However to return to your original question of what is possible to do to help,
issues verification/triage is a HUGE thing because the issues are of hugely
mixed quality. Moreover Github does not help by making users not able to label
the issues in order to make them into categories: only the collaborators can
label issues.

Another problem I face is high quality QA, that is, a person that explores
certain parts of Redis to understand where there is a quality problem and how
it is possible to fix it.

Code reviews are also crucial. For a few months I had a contributor, Sun He,
that prevented a number of bugs in Redis by reading each commit and by
understanding non trivial bugs just reading the code. Impressive. Eventually
he got a job after the university and now contributes only from time to time,
but I'll be thankful forever ;-)

------
Klathmon
I have a question for any OSS maintainers:

How should I ask for help/bugfixes/solutions?

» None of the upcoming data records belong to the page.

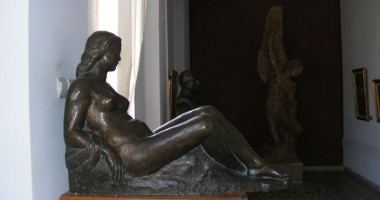Stire din Cultură-Educație : Ion Jalea, sculptorul care și-a pierdut o mână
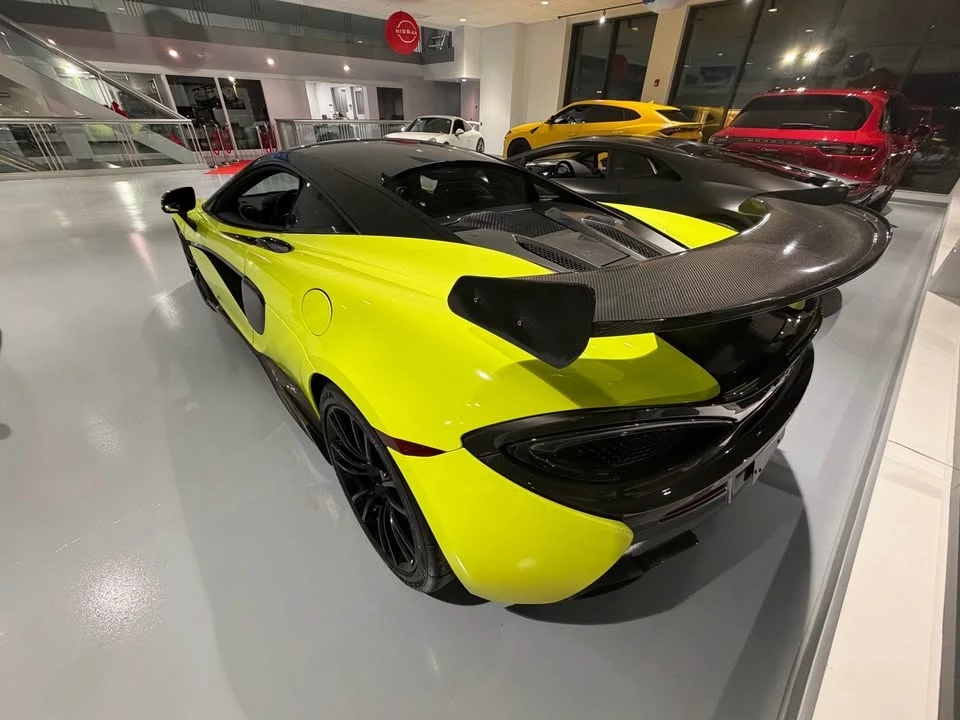 2017 McLaren 570S - Image 6 of 10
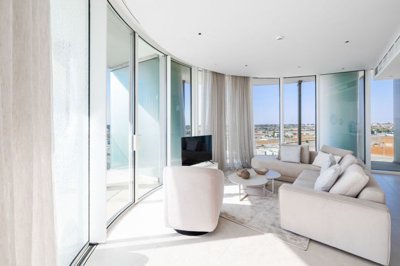 e22ec8da-769f-4de6-ac0b-401cf5d643ba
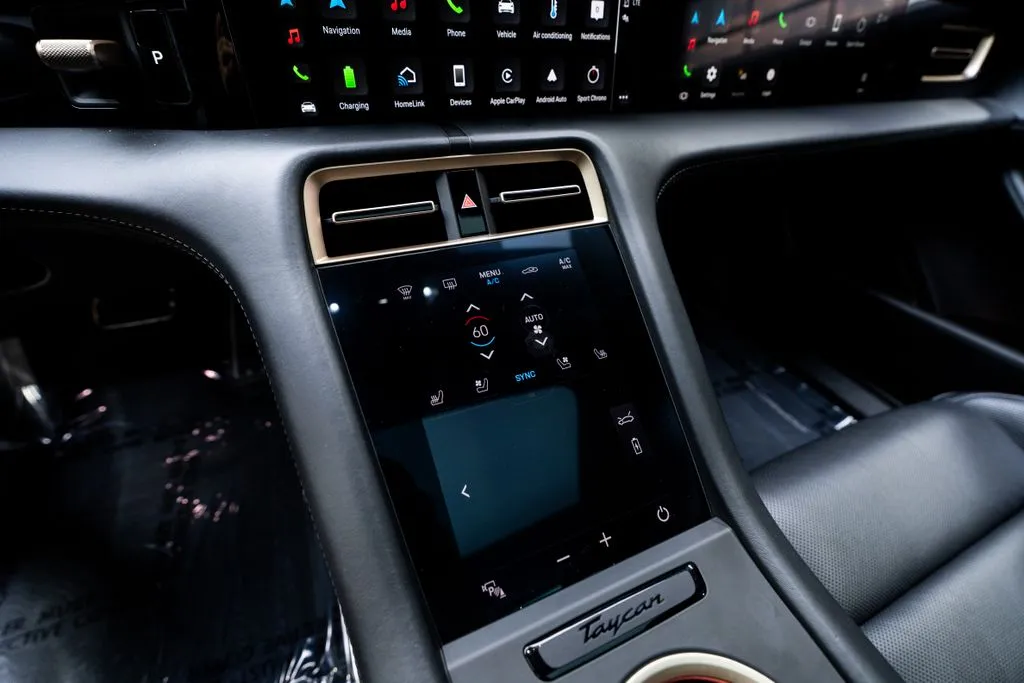 Porsche Taycan photo 39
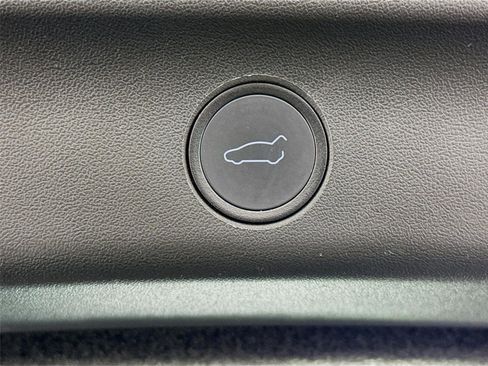 Used 2021 Tesla Model Y Performance image 19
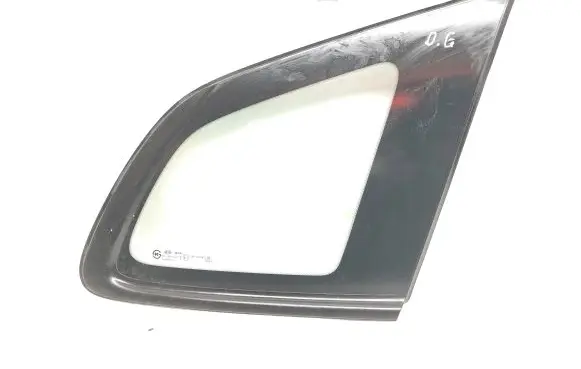 KIA Carens III Rear side window 43R000083 1004138 0T736AS2M3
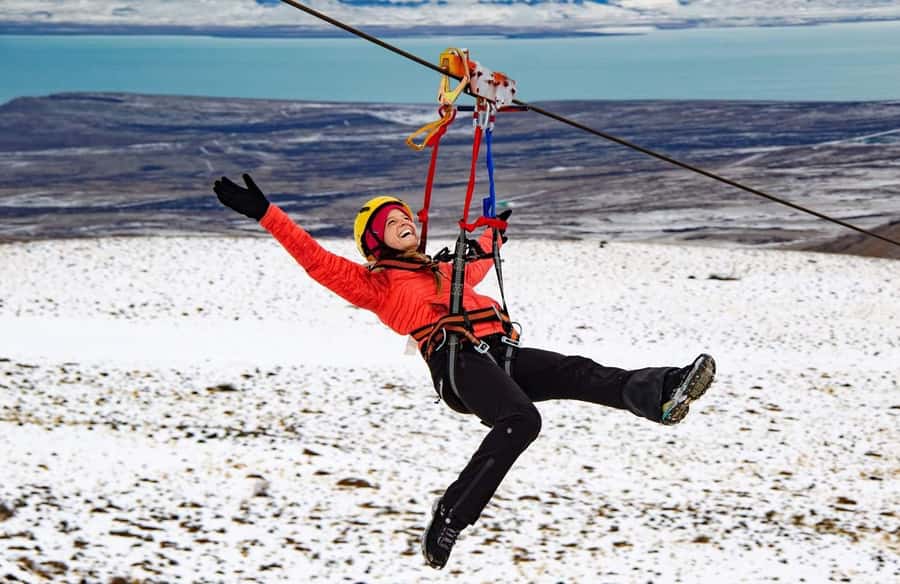 El Calafate: 4WD Adventure with Optional Hike or Zipline - Pickup, clothing, and practical details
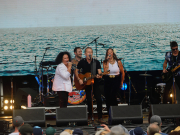 Vika & Linda - Red Hot Summer Tour. Sun 26/3/2023. Bella Vista Farm. Copyright Greg Foster (Aussie Greg)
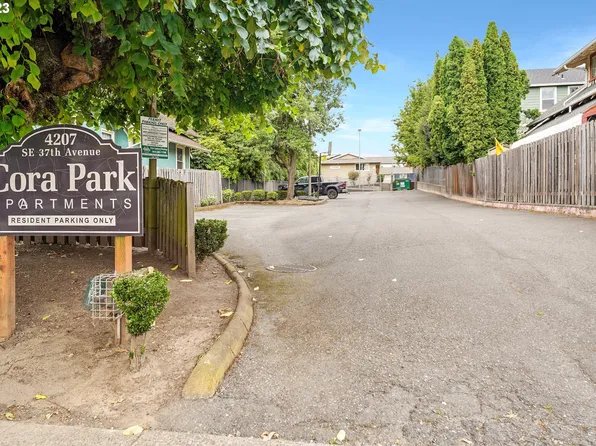 4207 SE 37th Ave, Portland, OR 97202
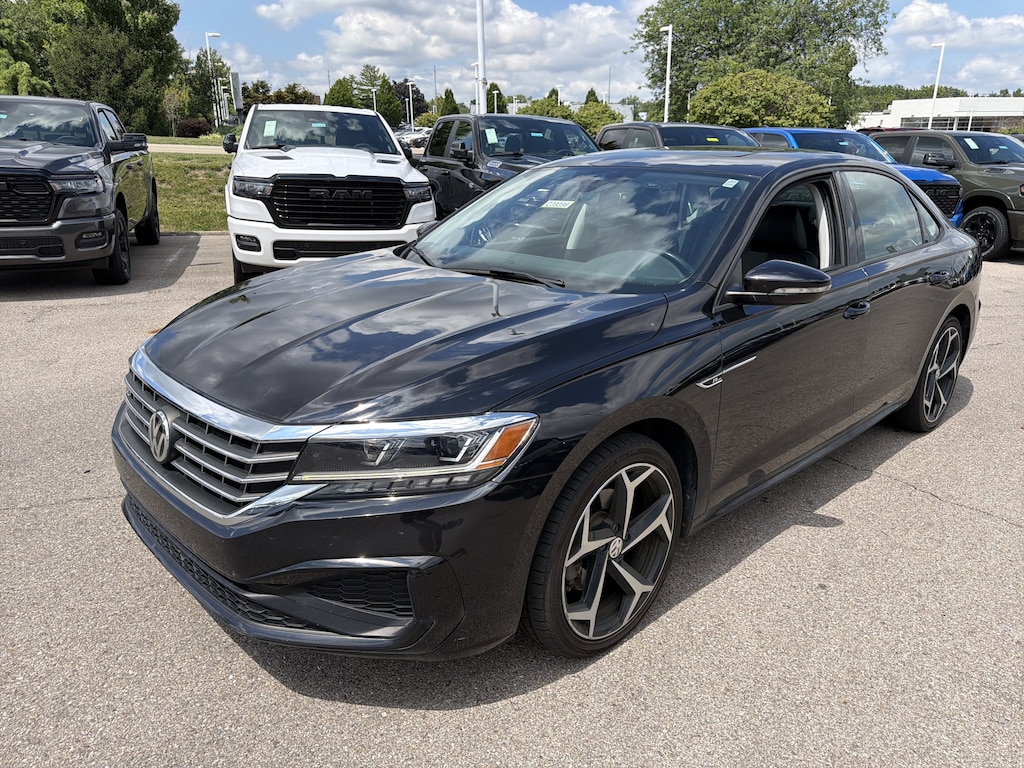 Used 2020 Volkswagen Passat 2.0T R-Line Sedan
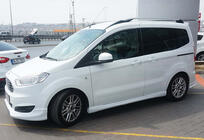 Ford Courier 2014-2023 Seitenschweller DPT (Schwarz Glanz) Foto 1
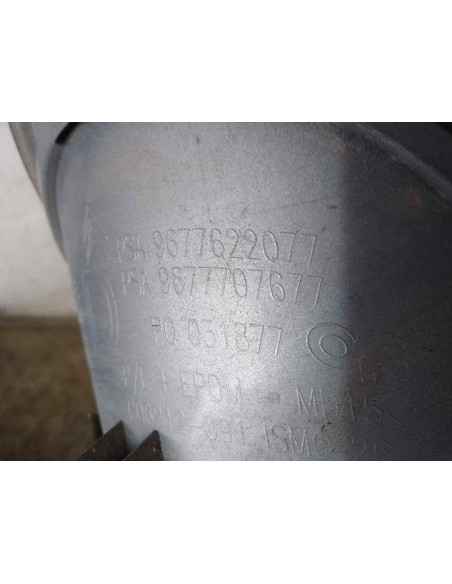 MOLDURA ANTINIEBLA DERECHA PEUGEOT PARTNER FURGÓN - 232114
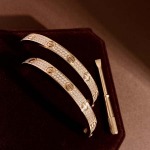 2026年2月3日入荷新品カルティエ腕輪/ブレスレットギフト/誕生日/記念品/アクセサリーxin工場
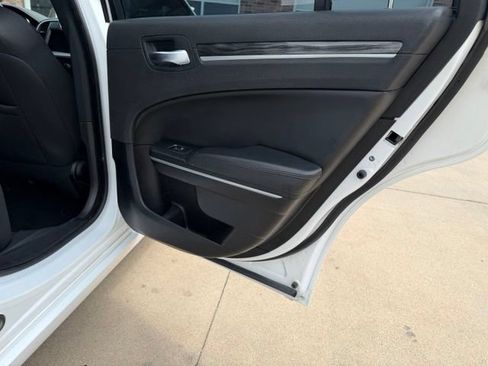 Used 2022 Chrysler 300 Touring w/ Sport Appearance Package AWD/4WD image 19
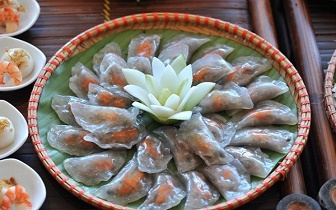 Hue Street Food- Lady Rider private tour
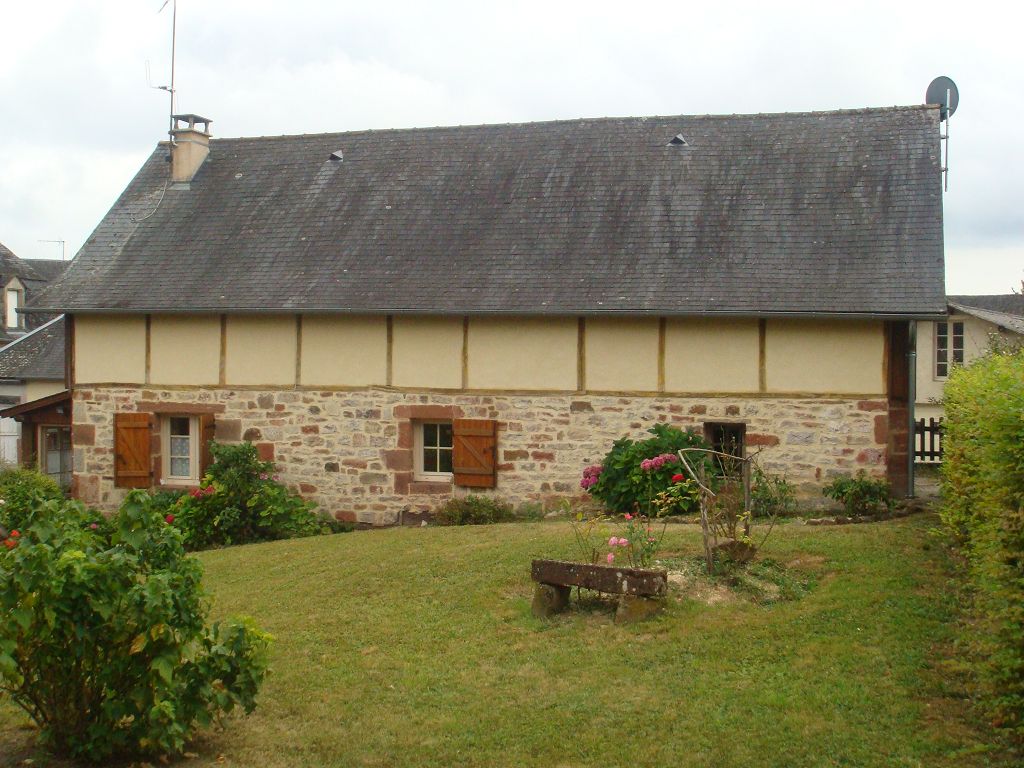 Maison de village PLEIN CENTRE DE MEYSSAC CHÉDAILLE IMMOBILIER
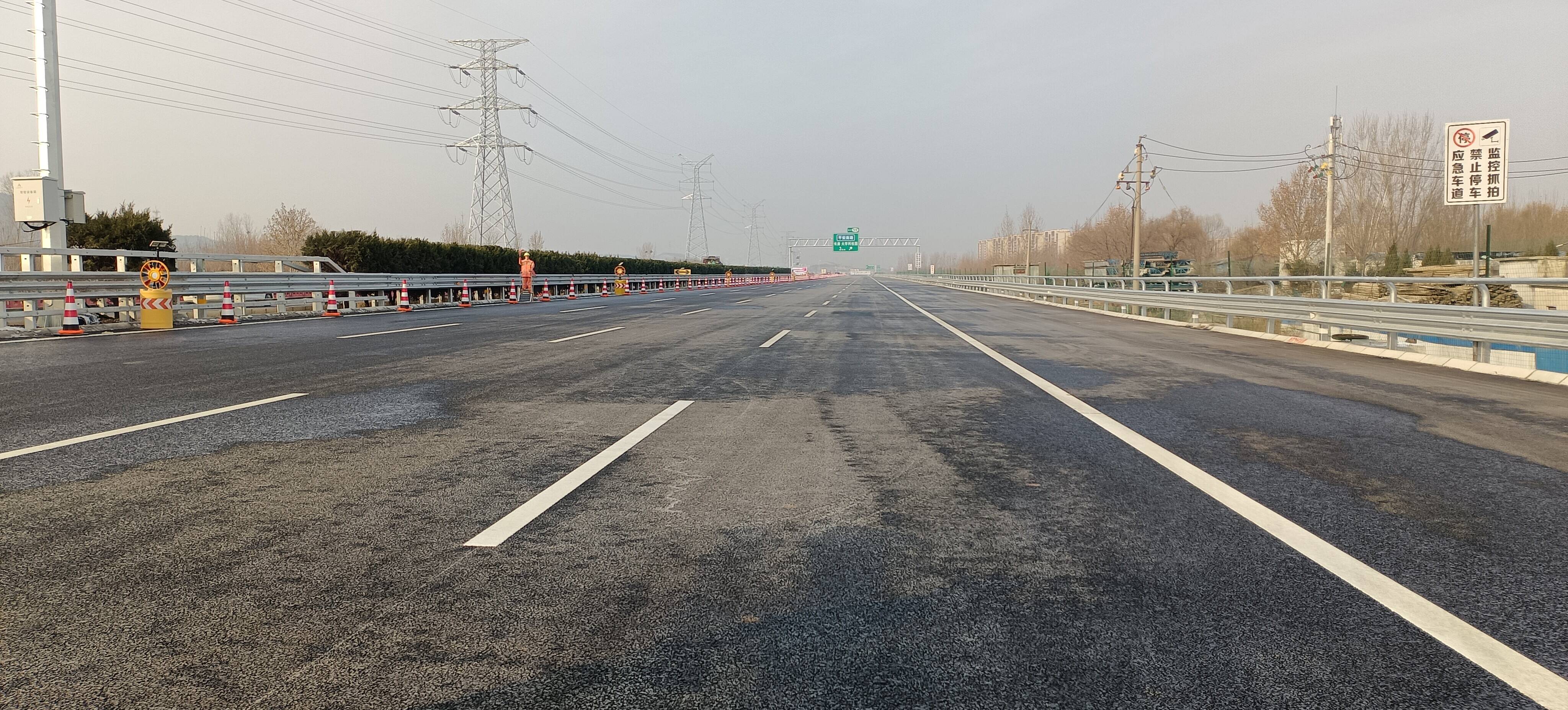 濟菏高速完成半幅四車道拓寬改造今日全面轉序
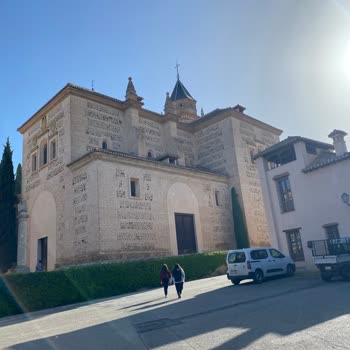 Endülüs Turu Hayal Kırıklığı: Kötü Rehber Ve Yetersiz Hizmet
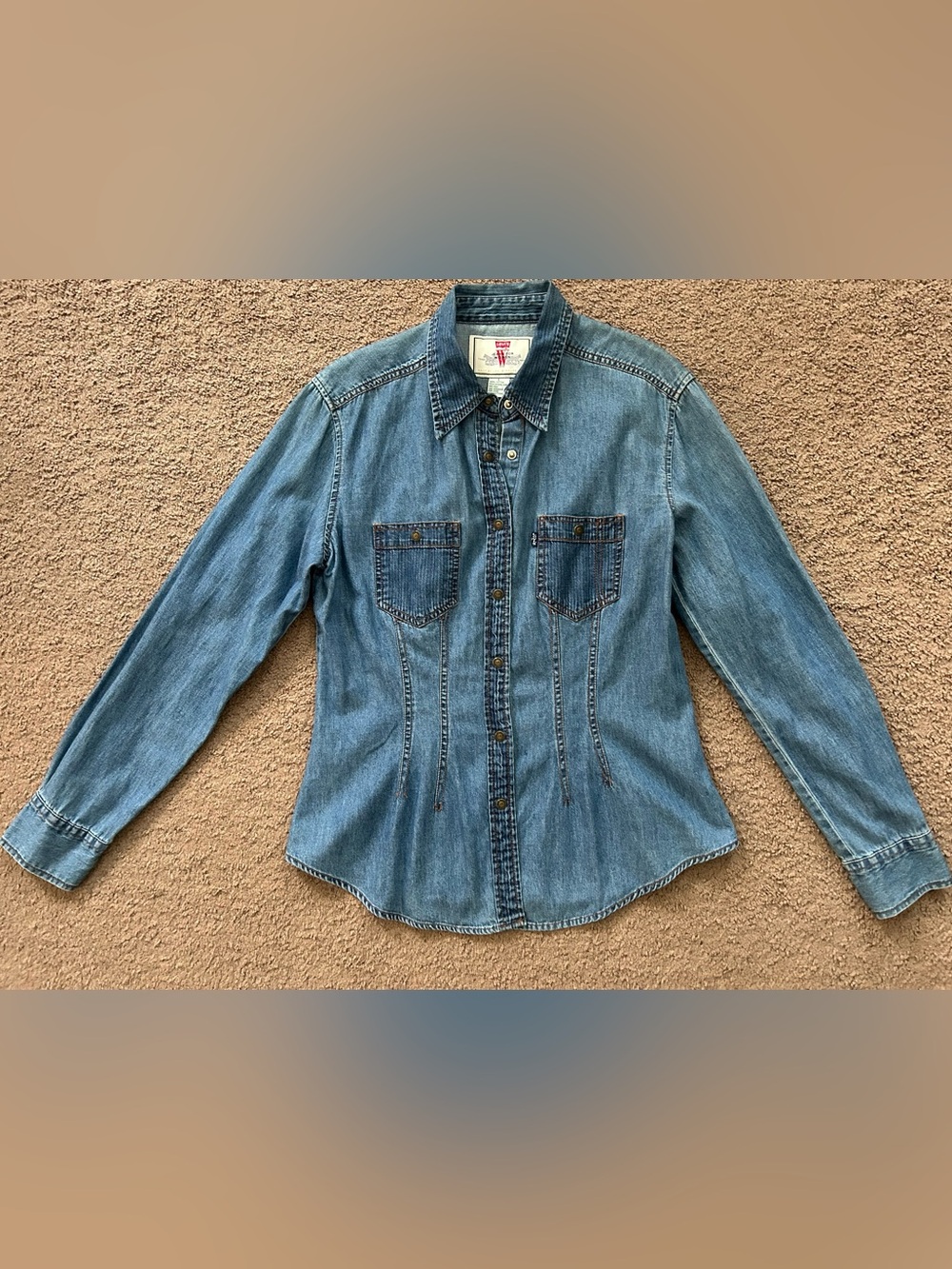 Levi's Women's 100% cotton Blue Denim Button-Front Shirt size L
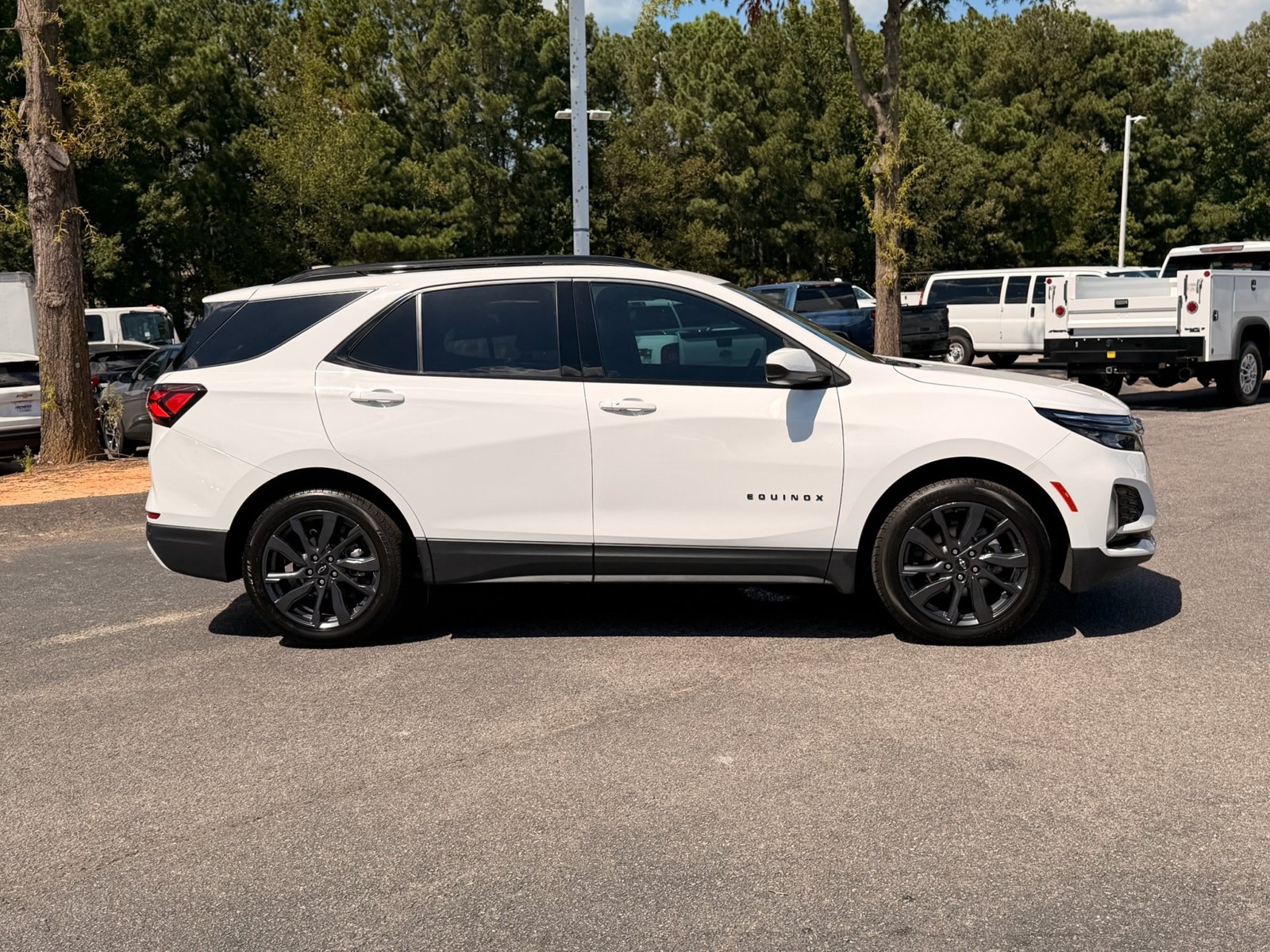 Used 2023 Chevrolet Equinox RS FWD image 13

How can I get across that an
issue is a "showstopper" for us without demanding anything? How can I offer
solutions or fixes or changes up without contributing to the "burnout" that
i've seen many many times from many people that I respect and enjoy the work
of.

Recently I was inadvertently one of those nameless-faceless demanders, and I
had no idea that I was coming across like that until it was pointed out to me.

I want to voice my opinions, my needs, my use cases without coming across as
demanding or winy. And making a PR out of left field generally causes more
issues than it solves since it was made without direction or input from the
maintainer.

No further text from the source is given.